### [Problem details]
Write out each record below exactly, but not the pictures.

(Data entries)

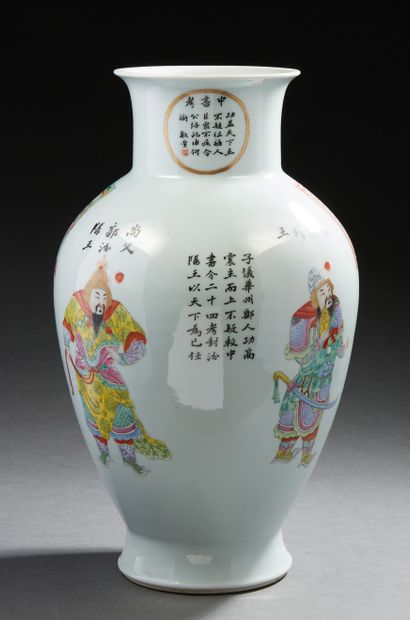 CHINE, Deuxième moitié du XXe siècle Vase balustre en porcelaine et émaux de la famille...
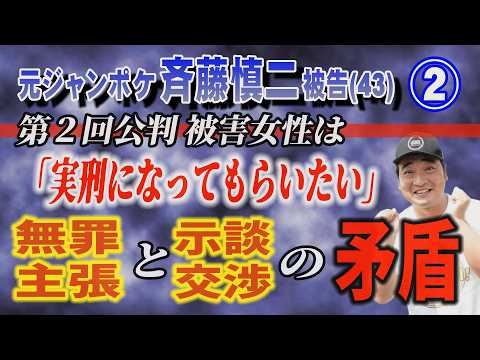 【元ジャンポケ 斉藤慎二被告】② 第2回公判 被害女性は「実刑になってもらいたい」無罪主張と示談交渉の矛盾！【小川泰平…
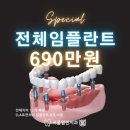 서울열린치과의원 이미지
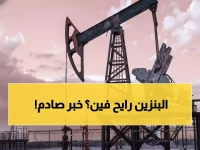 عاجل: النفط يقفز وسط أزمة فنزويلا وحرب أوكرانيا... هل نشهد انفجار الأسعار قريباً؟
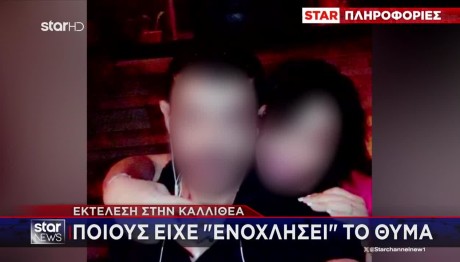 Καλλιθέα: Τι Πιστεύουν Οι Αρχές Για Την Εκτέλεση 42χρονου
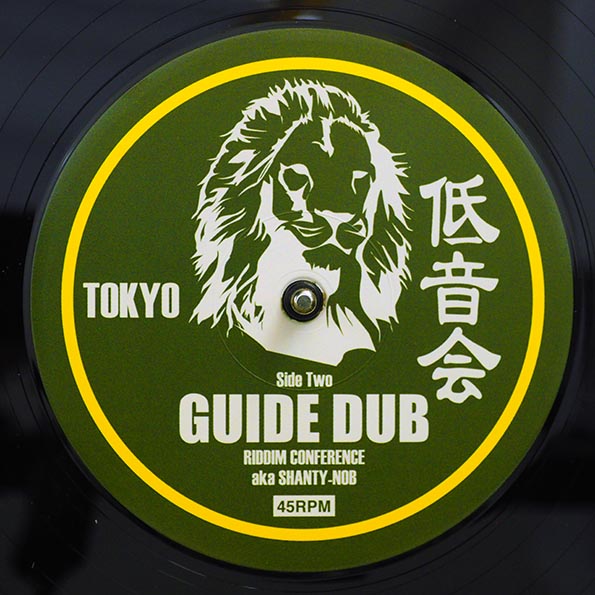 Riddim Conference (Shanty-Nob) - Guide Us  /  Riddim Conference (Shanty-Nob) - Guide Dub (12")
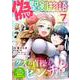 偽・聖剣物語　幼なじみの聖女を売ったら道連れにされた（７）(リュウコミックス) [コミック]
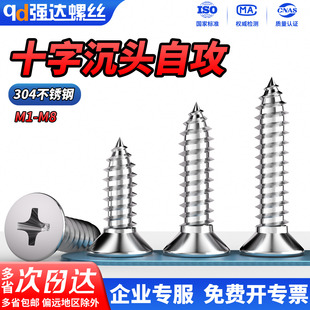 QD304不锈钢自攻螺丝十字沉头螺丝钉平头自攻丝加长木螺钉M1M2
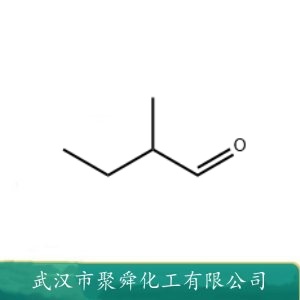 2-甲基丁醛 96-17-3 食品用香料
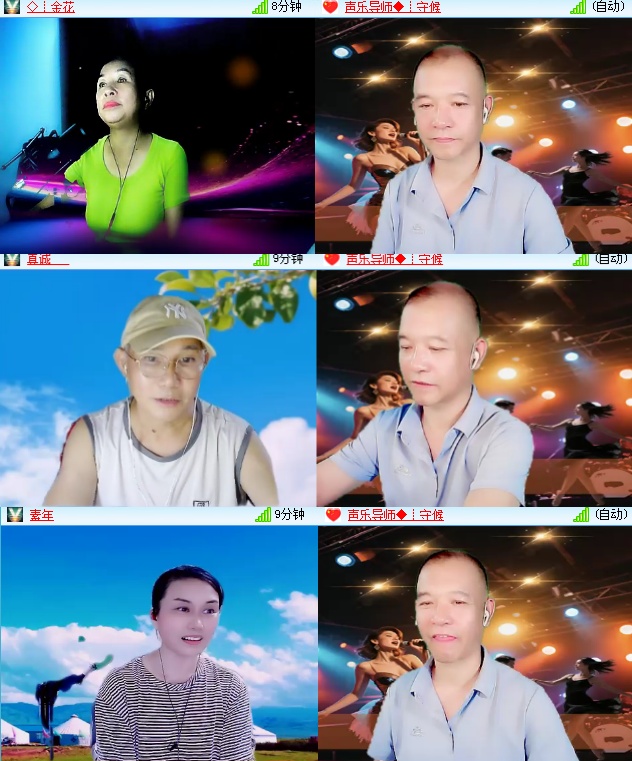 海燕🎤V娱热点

### [Answer to this exercise]
 CHINE, Deuxième moitié du XXe siècle Vase balustre en porcelaine et émaux de la famille...
 【元ジャンポケ 斉藤慎二被告】② 第2回公判 被害女性は「実刑になってもらいたい」無罪主張と示談交渉の矛盾！【小川泰平…
 서울열린치과의원 이미지
 عاجل: النفط يقفز وسط أزمة فنزويلا وحرب أوكرانيا... هل نشهد انفجار الأسعار قريباً؟
 Καλλιθέα: Τι Πιστεύουν Οι Αρχές Για Την Εκτέλεση 42χρονου
 Riddim Conference (Shanty-Nob) - Guide Us  /  Riddim Conference (Shanty-Nob) - Guide Dub (12")
 偽・聖剣物語　幼なじみの聖女を売ったら道連れにされた（７）(リュウコミックス) [コミック]
 QD304不锈钢自攻螺丝十字沉头螺丝钉平头自攻丝加长木螺钉M1M2
 2-甲基丁醛 96-17-3 食品用香料
 海燕🎤V娱热点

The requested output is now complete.